Thanks to their automated opening enabled by presence detectors while minimising opening and closing times, the doors help improve indoor temperature stability and reduce temperature fluctuations. Reducing large temperature variations also prevents heating and air conditioning system from repeatedly switching on and off, which can cause malfunctions and reduce system reliability.
This measure can lead to a reduction in annual heating consumption of more than 30% and proportionally reduce greenhouse gas emissions. The installation of this easy-to-implement technology does not require a production shutdown and would offer a fast return on investment.
Replacing a gas, oil or electric arc furnace with a magnetic induction furnace
The project consists in replacing an existing furnace that runs on gas, oil or electric arc with an induction furnace using a strong alternating magnetic field, created by passing a current through a coil wound around the furnace. The magnetic field then generates a potential difference across the furnace, inducing a current in the metal. The resistance of the metal to this current generates heat (via the Joule effect), allowing it to melt.
The measure can lead to a reduction in the furnace’s energy consumption compared to other technologies and reduce greenhouse gas emissions if the replaced furnace used fossil fuels. The installation of this technological innovation requires a production shutdown and would entail a medium- to long-term return on investment.
Machining of mechanical parts with fine features and complex shapes
The measure aims to replace laser cutting and etching of mechanical parts with the photochemical machining (photo etching) process which consists of “printing” the component design onto a photoresist laminated onto a metal sheet. The areas of photoresist that have not been printed are removed, exposing the metal, which is then chemically removed.
Chemical etching, also known as photochemical machining, photochemical milling or photo etching, can be used to create complex and high-precision components with extremely tight tolerances from almost any metal.

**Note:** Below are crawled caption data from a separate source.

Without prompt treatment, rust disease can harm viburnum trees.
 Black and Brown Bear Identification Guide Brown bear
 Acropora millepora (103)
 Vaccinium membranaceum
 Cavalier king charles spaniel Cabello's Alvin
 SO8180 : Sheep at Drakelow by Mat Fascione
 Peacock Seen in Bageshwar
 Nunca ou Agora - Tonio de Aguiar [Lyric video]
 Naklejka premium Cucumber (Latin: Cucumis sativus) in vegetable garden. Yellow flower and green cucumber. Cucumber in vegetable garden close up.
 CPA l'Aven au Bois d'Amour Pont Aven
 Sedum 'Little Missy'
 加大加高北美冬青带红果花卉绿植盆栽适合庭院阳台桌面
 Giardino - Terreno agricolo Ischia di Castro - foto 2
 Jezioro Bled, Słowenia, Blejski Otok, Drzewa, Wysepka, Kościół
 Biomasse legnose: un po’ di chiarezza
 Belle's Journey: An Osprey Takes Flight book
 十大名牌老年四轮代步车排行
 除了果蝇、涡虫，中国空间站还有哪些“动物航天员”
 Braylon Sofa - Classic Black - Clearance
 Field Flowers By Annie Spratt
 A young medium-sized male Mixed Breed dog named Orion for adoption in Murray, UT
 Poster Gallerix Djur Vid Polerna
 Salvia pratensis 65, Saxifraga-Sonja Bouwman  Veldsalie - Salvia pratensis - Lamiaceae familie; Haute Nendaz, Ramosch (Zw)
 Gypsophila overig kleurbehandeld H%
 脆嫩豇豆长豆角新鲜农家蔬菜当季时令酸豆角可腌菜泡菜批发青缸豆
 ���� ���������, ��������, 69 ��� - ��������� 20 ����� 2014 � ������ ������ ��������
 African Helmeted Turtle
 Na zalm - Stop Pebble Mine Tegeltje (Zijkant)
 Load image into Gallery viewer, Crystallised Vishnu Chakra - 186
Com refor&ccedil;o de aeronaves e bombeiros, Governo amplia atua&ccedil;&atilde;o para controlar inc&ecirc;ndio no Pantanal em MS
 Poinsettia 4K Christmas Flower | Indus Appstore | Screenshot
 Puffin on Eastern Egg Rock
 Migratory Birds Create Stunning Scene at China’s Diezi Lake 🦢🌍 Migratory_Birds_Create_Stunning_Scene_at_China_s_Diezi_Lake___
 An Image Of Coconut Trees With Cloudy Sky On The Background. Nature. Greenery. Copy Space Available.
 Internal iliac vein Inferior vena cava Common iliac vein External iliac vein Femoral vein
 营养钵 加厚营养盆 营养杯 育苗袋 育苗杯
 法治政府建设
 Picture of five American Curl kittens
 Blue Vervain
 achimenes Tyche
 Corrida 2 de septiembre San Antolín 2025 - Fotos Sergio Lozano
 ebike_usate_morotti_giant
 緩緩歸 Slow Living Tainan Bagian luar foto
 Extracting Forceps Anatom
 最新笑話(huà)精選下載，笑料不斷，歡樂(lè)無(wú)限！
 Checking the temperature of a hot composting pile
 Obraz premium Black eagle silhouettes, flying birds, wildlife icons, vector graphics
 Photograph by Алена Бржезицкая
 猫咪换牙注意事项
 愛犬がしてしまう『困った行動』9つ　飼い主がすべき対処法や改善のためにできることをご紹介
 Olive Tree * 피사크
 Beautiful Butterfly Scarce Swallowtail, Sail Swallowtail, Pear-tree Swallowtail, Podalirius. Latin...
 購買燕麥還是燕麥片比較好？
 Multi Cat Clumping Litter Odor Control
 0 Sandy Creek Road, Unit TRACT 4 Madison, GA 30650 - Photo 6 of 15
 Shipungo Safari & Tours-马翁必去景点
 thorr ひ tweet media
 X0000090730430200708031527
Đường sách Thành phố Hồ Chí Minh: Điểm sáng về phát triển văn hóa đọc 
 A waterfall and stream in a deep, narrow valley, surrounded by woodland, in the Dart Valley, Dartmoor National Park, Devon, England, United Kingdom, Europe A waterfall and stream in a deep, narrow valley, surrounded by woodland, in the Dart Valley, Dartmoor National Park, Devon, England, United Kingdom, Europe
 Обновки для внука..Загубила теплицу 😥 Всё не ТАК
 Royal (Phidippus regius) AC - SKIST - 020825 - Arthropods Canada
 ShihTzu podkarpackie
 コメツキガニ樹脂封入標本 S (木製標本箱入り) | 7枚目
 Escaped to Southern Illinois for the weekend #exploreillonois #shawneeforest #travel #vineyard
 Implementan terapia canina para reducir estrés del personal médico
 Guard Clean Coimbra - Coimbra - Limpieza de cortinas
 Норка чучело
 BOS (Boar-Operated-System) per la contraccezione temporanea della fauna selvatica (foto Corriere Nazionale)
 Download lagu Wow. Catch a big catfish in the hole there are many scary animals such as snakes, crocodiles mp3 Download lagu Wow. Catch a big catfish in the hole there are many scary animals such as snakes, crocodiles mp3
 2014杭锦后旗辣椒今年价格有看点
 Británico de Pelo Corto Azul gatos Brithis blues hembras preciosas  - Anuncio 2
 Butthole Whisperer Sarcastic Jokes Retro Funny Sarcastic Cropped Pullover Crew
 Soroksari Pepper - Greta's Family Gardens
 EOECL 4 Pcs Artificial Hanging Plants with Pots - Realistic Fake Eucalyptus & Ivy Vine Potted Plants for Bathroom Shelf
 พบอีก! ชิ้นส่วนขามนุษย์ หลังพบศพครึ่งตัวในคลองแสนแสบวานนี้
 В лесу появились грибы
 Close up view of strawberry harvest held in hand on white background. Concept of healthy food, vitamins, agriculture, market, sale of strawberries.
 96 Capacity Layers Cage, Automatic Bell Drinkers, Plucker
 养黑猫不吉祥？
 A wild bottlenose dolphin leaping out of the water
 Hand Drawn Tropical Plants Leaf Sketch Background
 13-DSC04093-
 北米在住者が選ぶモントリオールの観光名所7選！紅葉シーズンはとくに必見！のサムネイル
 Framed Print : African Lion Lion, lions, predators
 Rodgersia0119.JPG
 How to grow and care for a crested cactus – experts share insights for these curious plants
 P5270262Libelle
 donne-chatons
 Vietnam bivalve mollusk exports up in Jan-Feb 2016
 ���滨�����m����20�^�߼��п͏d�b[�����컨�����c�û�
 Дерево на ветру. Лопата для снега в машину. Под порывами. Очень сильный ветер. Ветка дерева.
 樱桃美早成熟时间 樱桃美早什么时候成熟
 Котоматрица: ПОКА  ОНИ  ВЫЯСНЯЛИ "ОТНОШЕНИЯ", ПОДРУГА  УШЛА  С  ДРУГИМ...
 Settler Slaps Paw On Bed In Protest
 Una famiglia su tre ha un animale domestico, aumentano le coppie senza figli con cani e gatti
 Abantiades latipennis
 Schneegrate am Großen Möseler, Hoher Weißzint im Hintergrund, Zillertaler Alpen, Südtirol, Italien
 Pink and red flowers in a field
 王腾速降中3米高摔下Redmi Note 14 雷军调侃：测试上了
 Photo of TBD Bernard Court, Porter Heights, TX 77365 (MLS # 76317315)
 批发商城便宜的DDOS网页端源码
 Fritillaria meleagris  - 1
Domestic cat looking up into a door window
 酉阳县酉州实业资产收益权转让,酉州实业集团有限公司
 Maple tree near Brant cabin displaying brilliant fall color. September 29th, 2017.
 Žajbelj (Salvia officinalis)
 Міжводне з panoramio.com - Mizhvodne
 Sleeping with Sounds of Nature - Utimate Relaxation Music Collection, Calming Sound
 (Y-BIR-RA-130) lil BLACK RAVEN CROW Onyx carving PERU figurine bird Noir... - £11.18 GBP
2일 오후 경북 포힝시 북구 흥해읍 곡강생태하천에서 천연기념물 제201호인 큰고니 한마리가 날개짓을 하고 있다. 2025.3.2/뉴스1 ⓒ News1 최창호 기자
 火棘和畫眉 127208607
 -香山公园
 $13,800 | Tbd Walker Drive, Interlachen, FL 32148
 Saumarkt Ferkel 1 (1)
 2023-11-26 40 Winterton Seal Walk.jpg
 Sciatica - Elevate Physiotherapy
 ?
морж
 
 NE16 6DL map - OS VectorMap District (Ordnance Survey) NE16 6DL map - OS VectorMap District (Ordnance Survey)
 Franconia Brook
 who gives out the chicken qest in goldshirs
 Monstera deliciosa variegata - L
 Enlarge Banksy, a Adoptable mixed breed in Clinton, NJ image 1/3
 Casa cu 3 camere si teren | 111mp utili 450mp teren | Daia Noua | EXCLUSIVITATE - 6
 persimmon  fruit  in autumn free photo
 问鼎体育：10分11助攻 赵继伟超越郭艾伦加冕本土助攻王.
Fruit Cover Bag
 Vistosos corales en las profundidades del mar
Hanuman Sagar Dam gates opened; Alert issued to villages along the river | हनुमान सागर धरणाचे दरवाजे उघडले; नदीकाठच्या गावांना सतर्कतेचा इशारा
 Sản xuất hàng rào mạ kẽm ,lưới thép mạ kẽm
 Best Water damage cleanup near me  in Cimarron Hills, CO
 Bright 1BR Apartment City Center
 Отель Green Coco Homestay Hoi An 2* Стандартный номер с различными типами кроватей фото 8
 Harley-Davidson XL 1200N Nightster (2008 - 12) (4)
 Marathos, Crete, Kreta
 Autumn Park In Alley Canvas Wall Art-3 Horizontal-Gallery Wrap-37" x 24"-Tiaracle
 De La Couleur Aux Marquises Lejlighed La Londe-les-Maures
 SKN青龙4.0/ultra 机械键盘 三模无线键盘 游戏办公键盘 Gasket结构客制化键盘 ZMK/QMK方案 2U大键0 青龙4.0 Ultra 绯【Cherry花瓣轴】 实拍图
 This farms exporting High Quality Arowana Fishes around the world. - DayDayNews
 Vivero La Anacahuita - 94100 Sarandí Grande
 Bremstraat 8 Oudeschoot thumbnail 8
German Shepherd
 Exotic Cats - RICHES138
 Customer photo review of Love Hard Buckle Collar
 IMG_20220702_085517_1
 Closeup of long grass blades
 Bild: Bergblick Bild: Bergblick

This measure can lead to a very significant reduction in electricity consumption. The installation of this technological innovation requires a partial production shutdown for its implementation and would entail a medium- to long-term return on investment.
Remplacer une découpeuse laser CO2 par une découpeuse laser à fibre optique
This measure aims to replace a hydraulic bending machine or press brake operating with a three-phase asynchronous motor, with equivalent technology equipped with a servo motor. The hydraulic system runs continuously, even when the machine is not producing, resulting in significant and unnecessary energy consumption.
Implementing this measure can reduce electricity consumption by more than 30%. It is quite easy to carry out and does not require production shutdown. Although the technology is highly mature, energy cost savings alone may not always be sufficient for a return on investment. However, the lower the machine’s operating frequency, the greater the potential for energy and financial savings. It is therefore recommended to prioritise retrofitting machines with short operating times maximise return on investment.